# AIM OF THE TASK
Check each line of the records below for the word "Gold" and copy those where it appears.

# EXERCISE DATA
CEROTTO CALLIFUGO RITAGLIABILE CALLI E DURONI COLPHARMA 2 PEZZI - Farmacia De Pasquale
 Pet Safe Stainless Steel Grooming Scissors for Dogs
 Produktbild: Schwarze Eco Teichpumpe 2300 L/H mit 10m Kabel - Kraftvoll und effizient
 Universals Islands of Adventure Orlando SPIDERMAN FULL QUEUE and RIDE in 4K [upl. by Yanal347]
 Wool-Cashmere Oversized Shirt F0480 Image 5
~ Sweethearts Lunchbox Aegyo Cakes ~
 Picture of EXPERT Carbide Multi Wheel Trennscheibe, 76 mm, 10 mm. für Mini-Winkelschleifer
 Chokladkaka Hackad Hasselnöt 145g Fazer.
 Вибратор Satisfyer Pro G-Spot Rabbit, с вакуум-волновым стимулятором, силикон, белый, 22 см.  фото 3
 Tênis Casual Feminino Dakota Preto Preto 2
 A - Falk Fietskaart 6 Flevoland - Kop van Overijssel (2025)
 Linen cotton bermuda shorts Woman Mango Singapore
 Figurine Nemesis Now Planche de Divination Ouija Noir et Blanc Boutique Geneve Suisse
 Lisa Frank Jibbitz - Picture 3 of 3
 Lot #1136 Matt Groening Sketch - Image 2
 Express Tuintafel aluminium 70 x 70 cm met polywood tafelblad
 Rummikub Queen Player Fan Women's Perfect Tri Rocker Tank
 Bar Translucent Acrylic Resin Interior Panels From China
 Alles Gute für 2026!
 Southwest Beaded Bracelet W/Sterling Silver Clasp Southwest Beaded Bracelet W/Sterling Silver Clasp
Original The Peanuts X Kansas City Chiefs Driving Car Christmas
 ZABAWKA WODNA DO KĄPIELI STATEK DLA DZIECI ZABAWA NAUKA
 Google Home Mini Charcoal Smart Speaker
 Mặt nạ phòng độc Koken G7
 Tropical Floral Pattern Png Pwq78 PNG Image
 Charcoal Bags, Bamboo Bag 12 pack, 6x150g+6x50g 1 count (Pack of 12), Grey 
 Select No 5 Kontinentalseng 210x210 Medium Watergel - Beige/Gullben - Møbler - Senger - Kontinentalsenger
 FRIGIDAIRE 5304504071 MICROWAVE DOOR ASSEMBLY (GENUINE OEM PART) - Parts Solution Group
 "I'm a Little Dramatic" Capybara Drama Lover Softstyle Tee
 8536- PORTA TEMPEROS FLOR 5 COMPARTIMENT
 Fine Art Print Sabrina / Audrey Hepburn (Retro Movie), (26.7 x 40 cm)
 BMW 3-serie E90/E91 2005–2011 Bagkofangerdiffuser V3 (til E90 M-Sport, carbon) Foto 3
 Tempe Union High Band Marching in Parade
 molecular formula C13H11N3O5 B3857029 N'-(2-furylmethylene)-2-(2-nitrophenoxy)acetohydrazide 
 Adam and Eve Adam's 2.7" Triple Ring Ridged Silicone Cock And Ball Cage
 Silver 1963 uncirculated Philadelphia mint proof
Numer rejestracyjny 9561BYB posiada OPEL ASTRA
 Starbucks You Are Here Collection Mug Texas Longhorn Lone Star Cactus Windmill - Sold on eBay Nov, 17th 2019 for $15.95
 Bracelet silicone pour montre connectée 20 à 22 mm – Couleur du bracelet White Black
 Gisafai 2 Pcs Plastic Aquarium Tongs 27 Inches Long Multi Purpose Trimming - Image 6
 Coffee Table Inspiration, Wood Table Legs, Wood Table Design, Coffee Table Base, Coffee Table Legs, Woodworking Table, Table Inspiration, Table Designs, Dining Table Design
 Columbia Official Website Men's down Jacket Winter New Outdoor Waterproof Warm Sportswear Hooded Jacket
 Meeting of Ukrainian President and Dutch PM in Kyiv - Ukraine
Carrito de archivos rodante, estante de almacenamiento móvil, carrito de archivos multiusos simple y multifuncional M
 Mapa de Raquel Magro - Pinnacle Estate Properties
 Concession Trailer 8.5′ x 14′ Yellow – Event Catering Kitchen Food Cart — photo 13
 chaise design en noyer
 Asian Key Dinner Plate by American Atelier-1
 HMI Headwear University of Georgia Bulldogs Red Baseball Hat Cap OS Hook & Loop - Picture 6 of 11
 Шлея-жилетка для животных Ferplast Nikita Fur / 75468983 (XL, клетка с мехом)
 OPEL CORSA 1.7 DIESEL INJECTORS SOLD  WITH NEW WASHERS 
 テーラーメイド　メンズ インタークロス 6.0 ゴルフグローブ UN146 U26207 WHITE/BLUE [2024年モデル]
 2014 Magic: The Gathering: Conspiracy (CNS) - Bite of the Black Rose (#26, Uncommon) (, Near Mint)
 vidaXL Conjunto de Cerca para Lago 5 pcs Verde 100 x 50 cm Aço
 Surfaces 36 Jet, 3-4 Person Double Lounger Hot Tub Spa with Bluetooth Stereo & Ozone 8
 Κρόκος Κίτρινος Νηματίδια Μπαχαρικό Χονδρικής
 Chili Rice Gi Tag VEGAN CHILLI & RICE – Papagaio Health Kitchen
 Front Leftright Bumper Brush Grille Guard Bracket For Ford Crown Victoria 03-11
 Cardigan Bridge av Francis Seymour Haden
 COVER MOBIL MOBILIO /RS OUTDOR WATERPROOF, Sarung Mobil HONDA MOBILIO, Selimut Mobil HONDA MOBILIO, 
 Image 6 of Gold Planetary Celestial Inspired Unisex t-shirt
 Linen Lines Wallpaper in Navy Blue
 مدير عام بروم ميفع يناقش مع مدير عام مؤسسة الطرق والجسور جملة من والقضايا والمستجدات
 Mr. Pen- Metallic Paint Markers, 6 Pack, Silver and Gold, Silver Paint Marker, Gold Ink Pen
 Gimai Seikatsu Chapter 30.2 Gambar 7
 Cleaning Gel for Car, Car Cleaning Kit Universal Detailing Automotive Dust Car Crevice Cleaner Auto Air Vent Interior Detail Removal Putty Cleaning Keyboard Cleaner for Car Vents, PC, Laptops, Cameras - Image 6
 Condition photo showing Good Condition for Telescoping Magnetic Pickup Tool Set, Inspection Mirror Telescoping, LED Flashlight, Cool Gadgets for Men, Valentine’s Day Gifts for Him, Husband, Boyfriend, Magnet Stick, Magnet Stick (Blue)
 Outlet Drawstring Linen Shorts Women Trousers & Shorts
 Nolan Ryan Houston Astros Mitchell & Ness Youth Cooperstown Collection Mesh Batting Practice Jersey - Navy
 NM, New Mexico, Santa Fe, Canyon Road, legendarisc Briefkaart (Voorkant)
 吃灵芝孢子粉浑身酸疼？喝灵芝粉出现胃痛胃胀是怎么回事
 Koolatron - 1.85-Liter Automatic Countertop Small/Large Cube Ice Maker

# ANSWER
 Image 6 of Gold Planetary Celestial Inspired Unisex t-shirt
 Mr. Pen- Metallic Paint Markers, 6 Pack, Silver and Gold, Silver Paint Marker, Gold Ink Pen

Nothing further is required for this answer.